* [Problem]: Below are some entries. Transcribe the lines from the one holding "Junia - M. Junius" to the one holding "福特嘉年华尾箱关好仪表显示未关,福特嘉年华后备箱锁维修", inclusive, but not the pictures among them.

##### Exercise materials #####

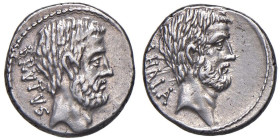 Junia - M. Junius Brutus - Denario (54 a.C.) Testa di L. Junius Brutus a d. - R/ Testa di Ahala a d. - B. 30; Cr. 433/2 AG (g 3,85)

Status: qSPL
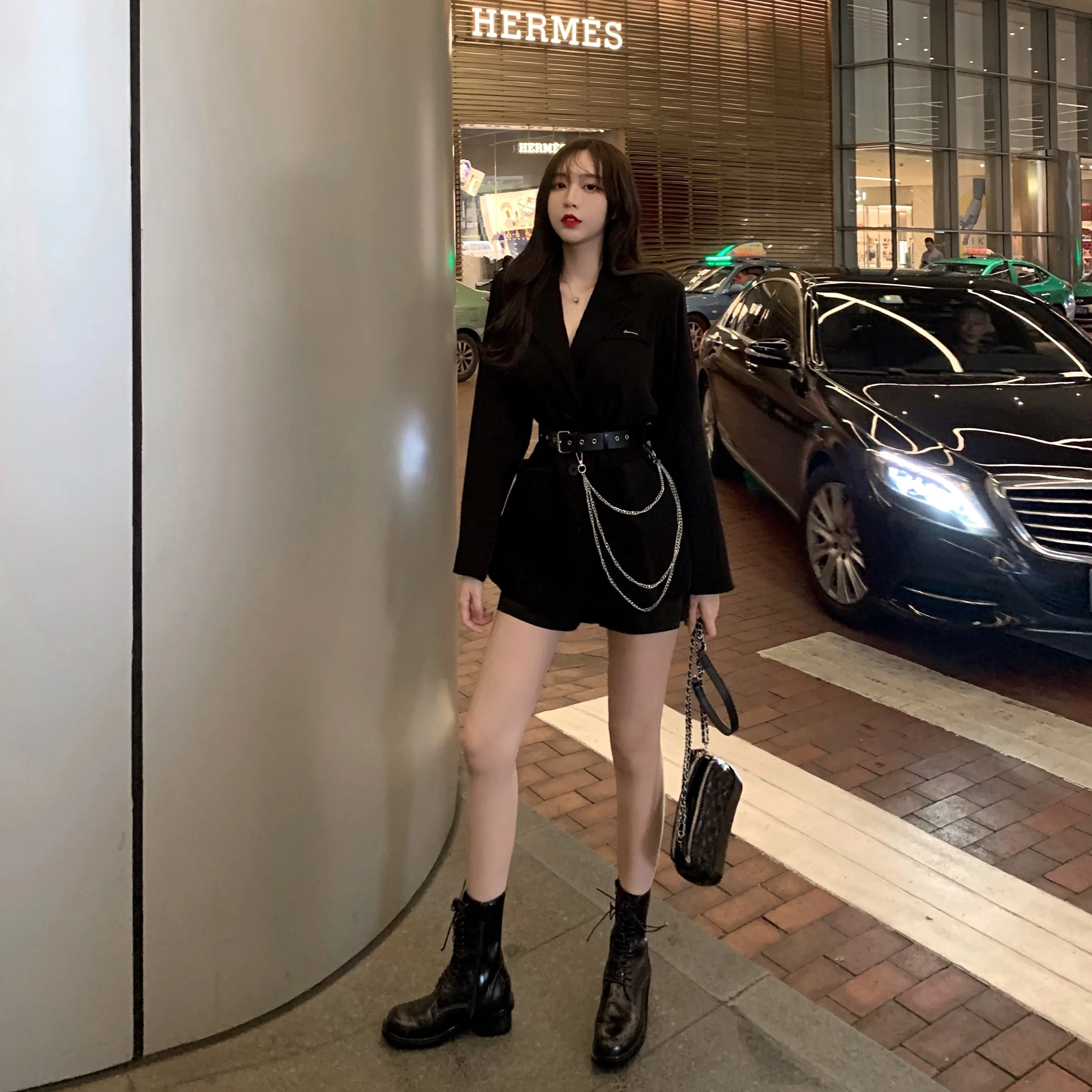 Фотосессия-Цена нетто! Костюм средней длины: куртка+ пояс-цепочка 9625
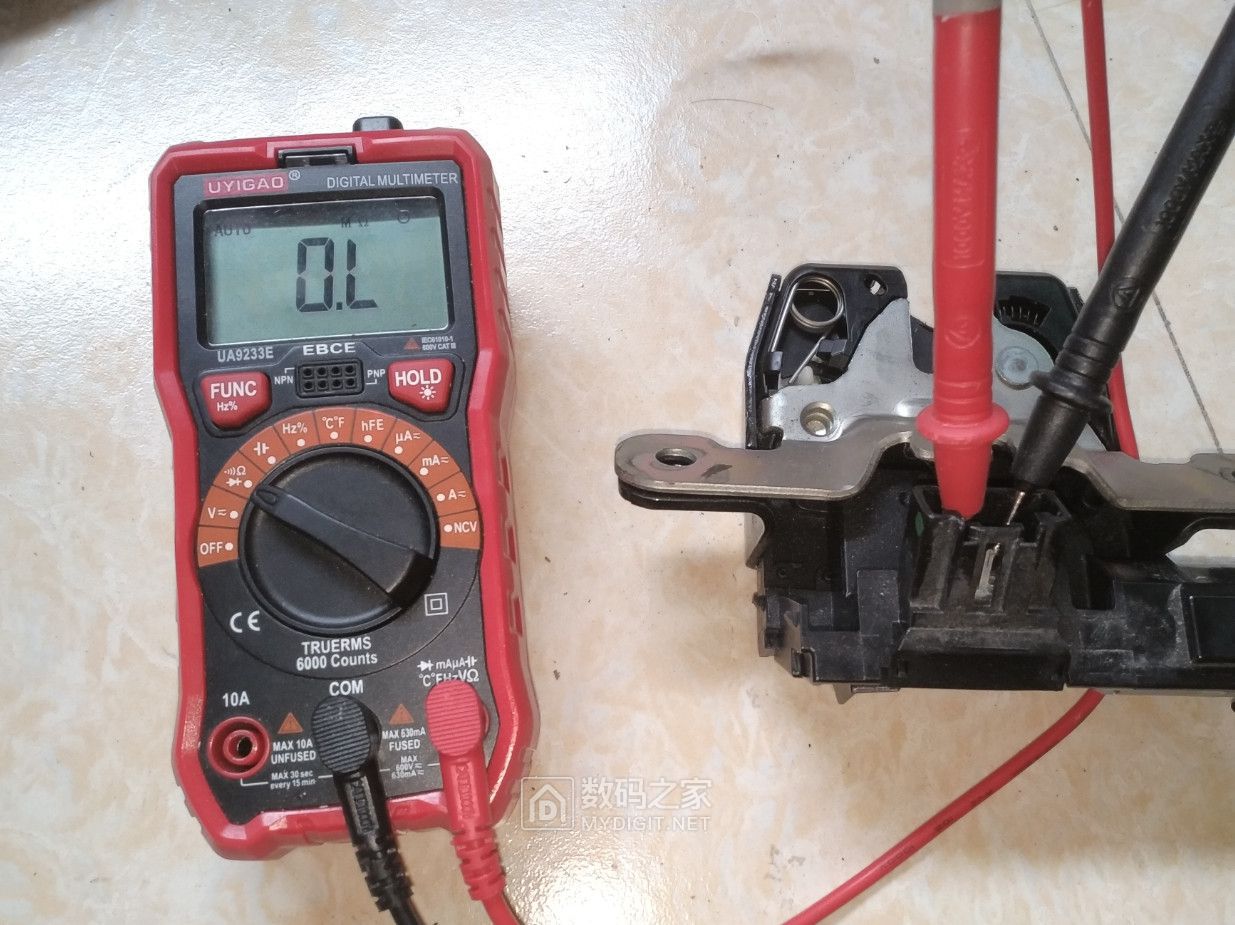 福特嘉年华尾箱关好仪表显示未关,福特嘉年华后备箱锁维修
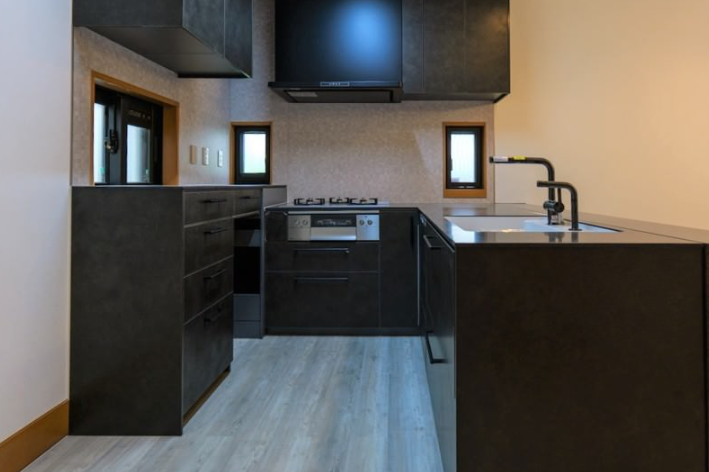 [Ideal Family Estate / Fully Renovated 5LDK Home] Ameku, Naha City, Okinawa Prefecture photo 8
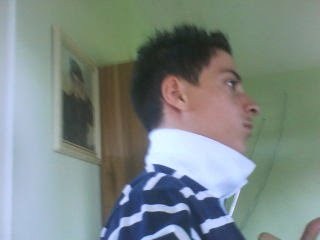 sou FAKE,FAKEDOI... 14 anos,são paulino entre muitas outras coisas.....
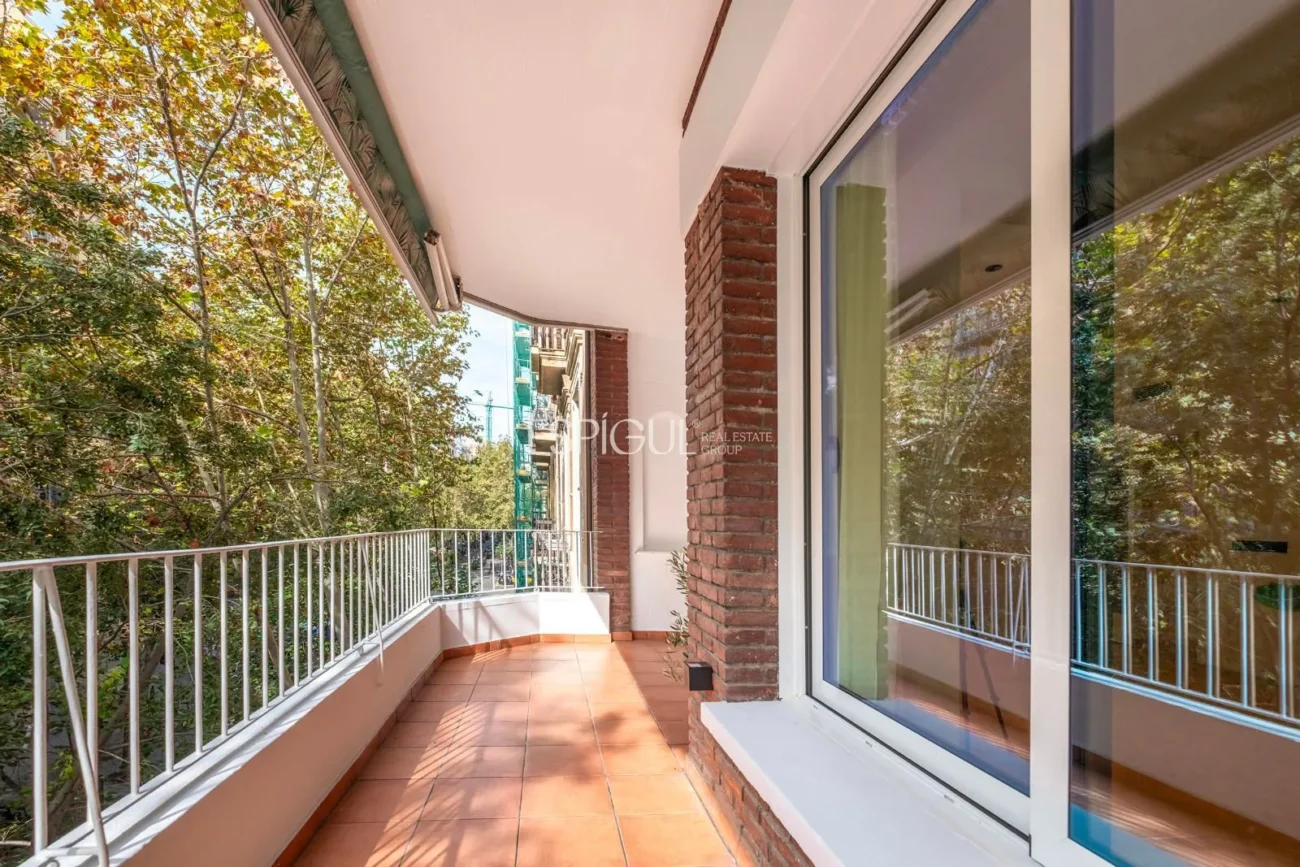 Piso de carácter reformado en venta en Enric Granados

#####
##### Exercise materials #####

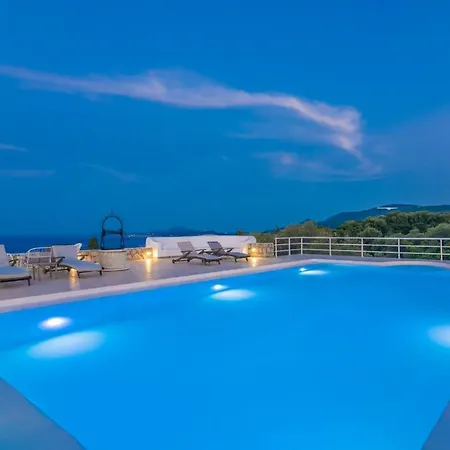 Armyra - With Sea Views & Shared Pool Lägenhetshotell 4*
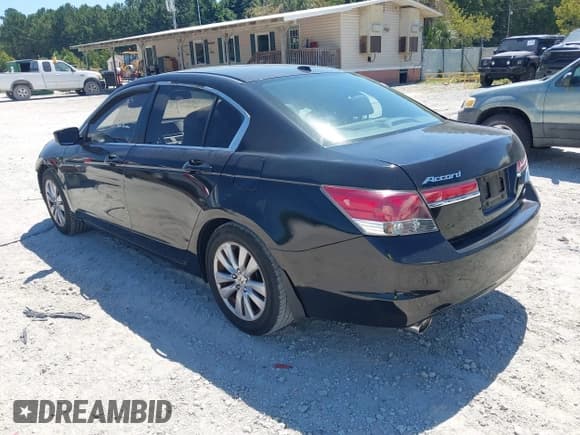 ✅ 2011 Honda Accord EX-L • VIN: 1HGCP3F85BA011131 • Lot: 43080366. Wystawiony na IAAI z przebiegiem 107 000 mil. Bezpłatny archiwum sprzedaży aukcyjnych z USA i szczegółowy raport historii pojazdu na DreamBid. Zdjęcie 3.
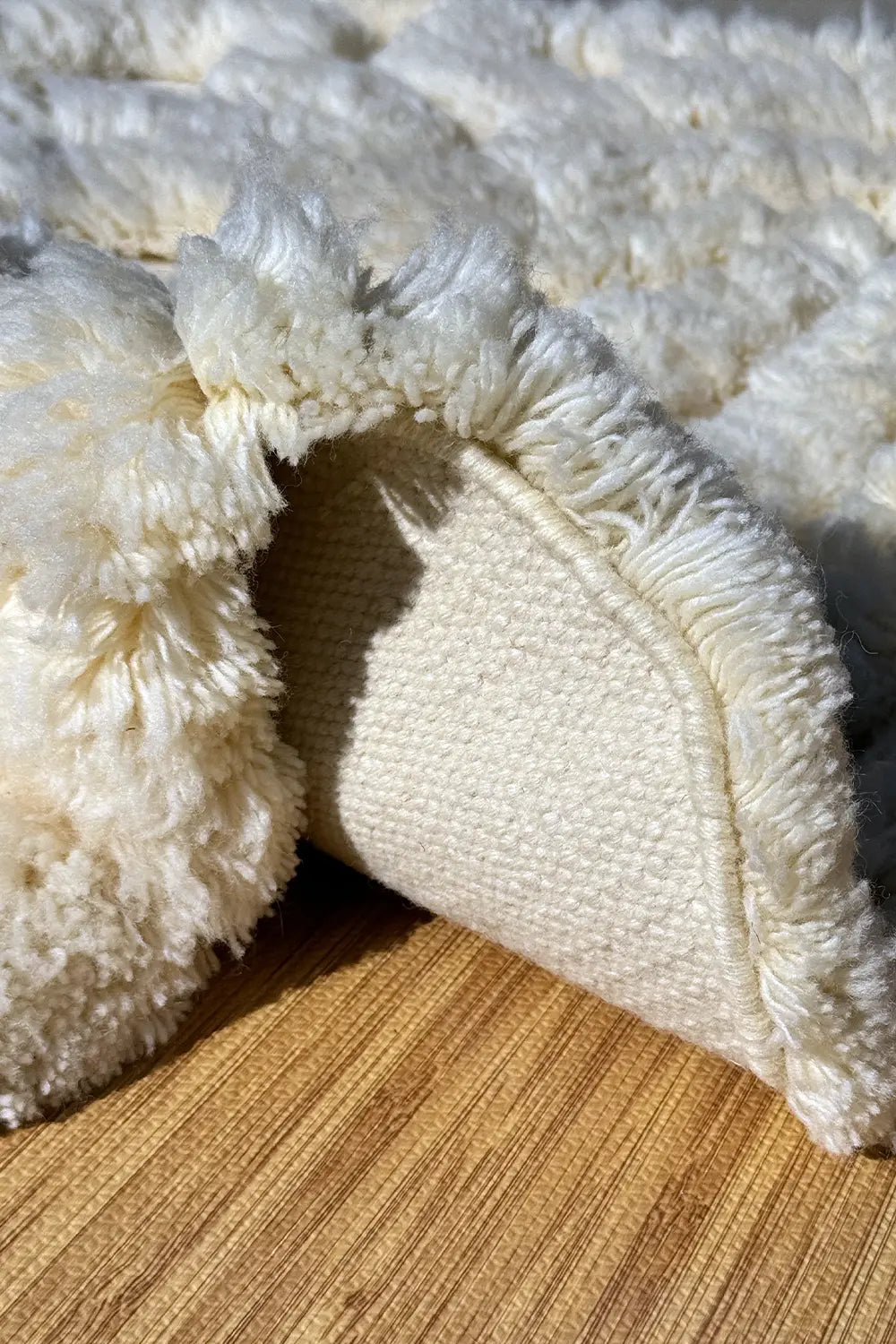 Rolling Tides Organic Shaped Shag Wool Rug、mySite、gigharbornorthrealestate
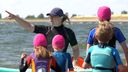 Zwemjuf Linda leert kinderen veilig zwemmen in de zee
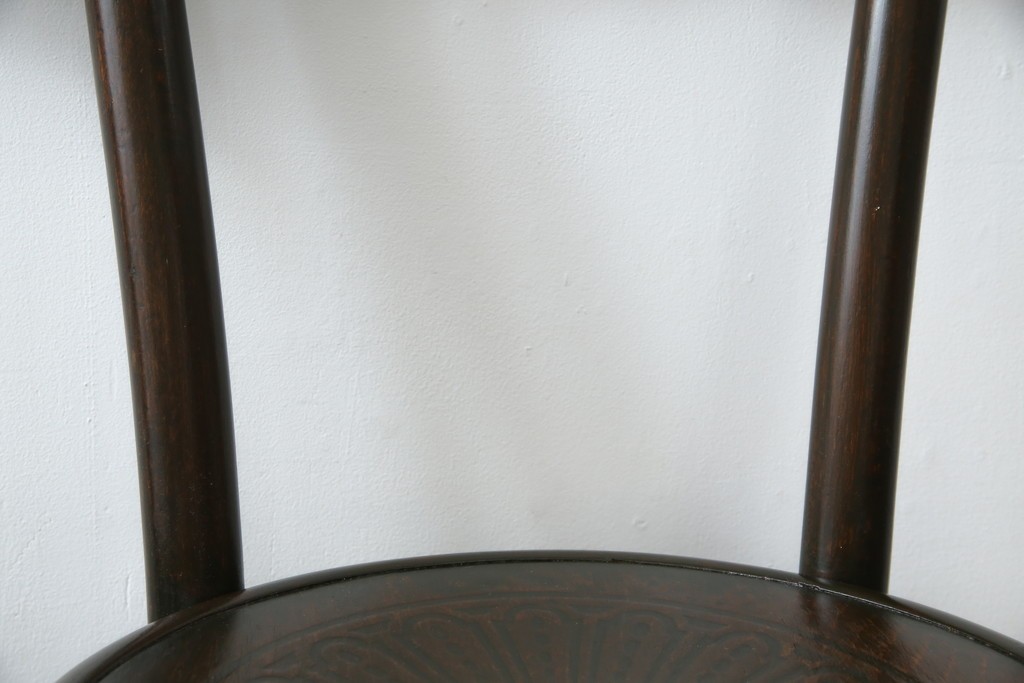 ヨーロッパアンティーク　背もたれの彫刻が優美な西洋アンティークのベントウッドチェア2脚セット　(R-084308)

#####

* [Completed task]:
 Junia - M. Junius Brutus - Denario (54 a.C.) Testa di L. Junius Brutus a d. - R/ Testa di Ahala a d. - B. 30; Cr. 433/2 AG (g 3,85)

Status: qSPL
 Фотосессия-Цена нетто! Костюм средней длины: куртка+ пояс-цепочка 9625
 福特嘉年华尾箱关好仪表显示未关,福特嘉年华后备箱锁维修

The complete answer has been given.